Dans le secteur des nouvelles technologies de l'information, la taille du
marché français demeure très limitée. Si le nombre
d'internautes et de clients du téléphone mobile a
été multiplié par cinq depuis 1997, le taux de
pénétration de ces nouvelles technologies reste très
nettement inférieur en France à ce qu'il est par exemple en
Grande-Bretagne. Le pourcentage d'Anglais utilisant Internet est de
26,6 %, le taux de diffusion des téléphones mobiles est de
35 % contre respectivement 9,5 % et 28 % en France. Cela
signifie concrètement que, pour les entreprises de commerce
électronique, le nombre de consommateurs potentiels est deux fois plus
important qu'en France.
Source : Tableau de bord de l'innovation
Ce qui vaut pour la taille du marché vaut aussi pour le volume des
financements.

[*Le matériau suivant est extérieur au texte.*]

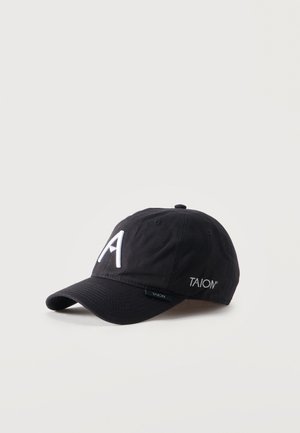 Gorra de béisbol negra con la letra blanca «A» en el frente y el logo «TAION» en el lateral, colocada sobre una superficie gris clara.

Le montant des fonds investis dans le capital-risque en France a
été multiplié par 2,5 depuis 1997, où il atteint
2,8 milliards de francs en France, contre 81,9 milliards de francs en
Grande-Bretagne, soit 25 fois plus
74(
*
)
.
En 1998 et 1999, 8.000 entreprises se sont créées en France
dans le secteur des nouvelles technologies de l'information, contre 32.000 en
Grande-Bretagne.
75(
*
)
Ces comparaisons montrent l'ampleur du chemin qui reste à parcourir. Le
rapport du député Michel Destot sur l'innovation en France,
publié il y a quelques semaines, souligne que si les progrès
faits sont importants, il faut tenir compte "
des exemples
étrangers qui mettent en lumière les retards
français
"
76(
*
)
et mettre en oeuvre "
de nouvelles stimulations
" pour
favoriser l'accès des entreprises innovantes à des personnels
formés et à des financements adéquats.
Ces observations rejoignent l'appréciation des entrepreneurs
rencontrés par le Groupe de Travail. Nombre d'entre eux ont
souligné la persistance de difficultés de financements au niveau
du lancement des projets, en raison du nombre encore limité
d'investisseurs privés et de l'insuffisance des fonds d'amorçage,
ainsi qu'au niveau de l'entrée en Bourse en raison de
l'étroitesse du nouveau marché français.
Le secteur des nouvelles technologies en France n'a pas
bénéficié autant qu'aux Etats-Unis ou en Grande-Bretagne
de l'émergence d'une génération de " business
angels " dont le rôle dans la naissance des entreprises innovantes
est essentiel. L'Agence pour la création d'entreprise observe, en effet,
qu'aux Etats-Unis "
la principale source de financement de la
création et du développement des entreprises de haute technologie
est, à hauteur de 80 %, le réseau des investisseurs
individuels composé par les créateurs eux-mêmes, soit une
nébuleuse de petits investisseurs plaçant à peine quelques
milliers de dollars et quelques gros investisseurs appelés
" business angels "
77(
*
)
. Il est généralement
admis que l'apport des investisseurs individuels est d'environ
20 milliards de dollars par an, soit dix à vingt fois plus que les
sociétés de capital-risque dont les investissements ne
dépassent pas 2 à 2,5 milliards de dollars par an.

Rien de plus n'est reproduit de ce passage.